Source material:

=== Section Start ===

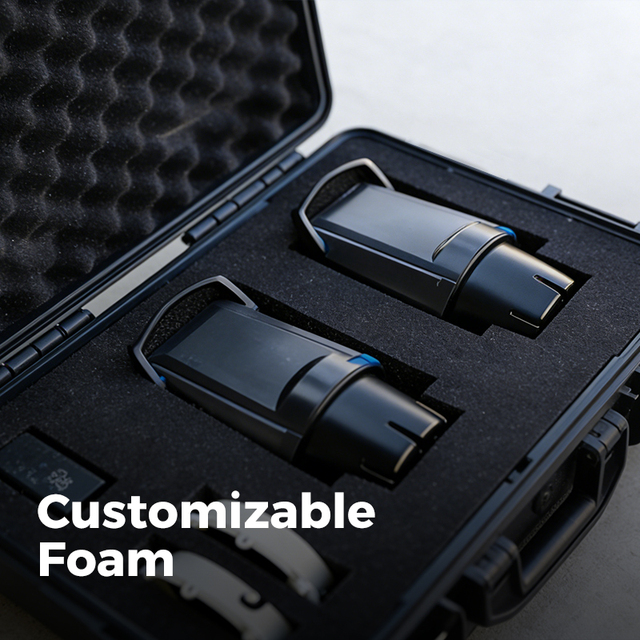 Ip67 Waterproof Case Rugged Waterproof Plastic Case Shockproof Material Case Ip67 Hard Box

=== Section End ===
=== Section Start ===

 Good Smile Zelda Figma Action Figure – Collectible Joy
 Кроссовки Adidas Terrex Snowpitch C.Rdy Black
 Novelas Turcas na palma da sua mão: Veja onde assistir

=== Section End ===
=== Section Start ===

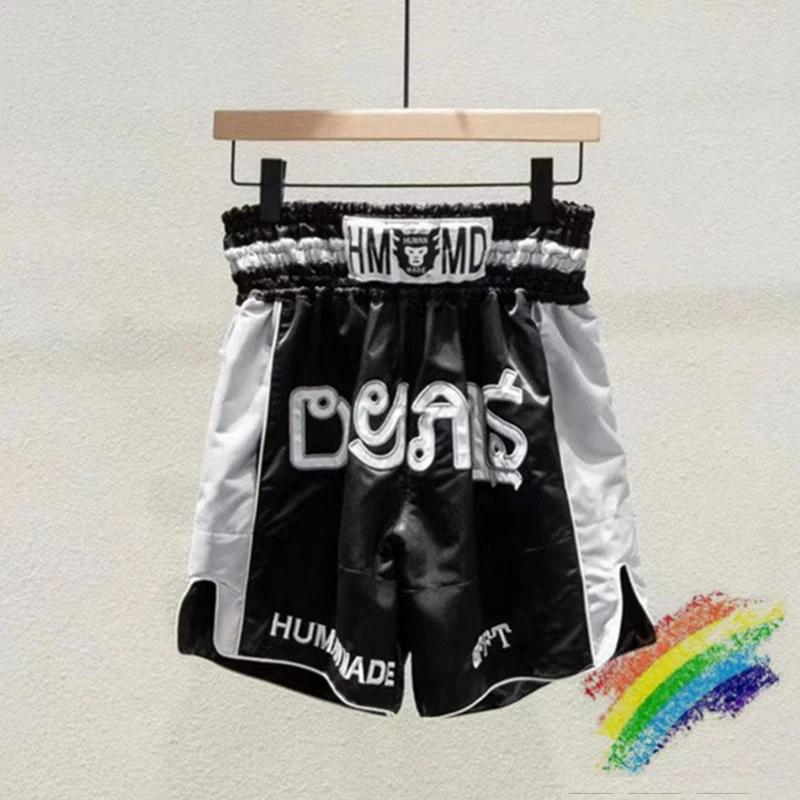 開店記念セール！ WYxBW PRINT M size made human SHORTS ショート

=== Section End ===

Task: Please make an exact copy of the lines above from the line with "Good Smile Zelda" through the line with "Novelas Turcas na", both ends included.

Output of the exercise:
 Good Smile Zelda Figma Action Figure – Collectible Joy
 Кроссовки Adidas Terrex Snowpitch C.Rdy Black
 Novelas Turcas na palma da sua mão: Veja onde assistir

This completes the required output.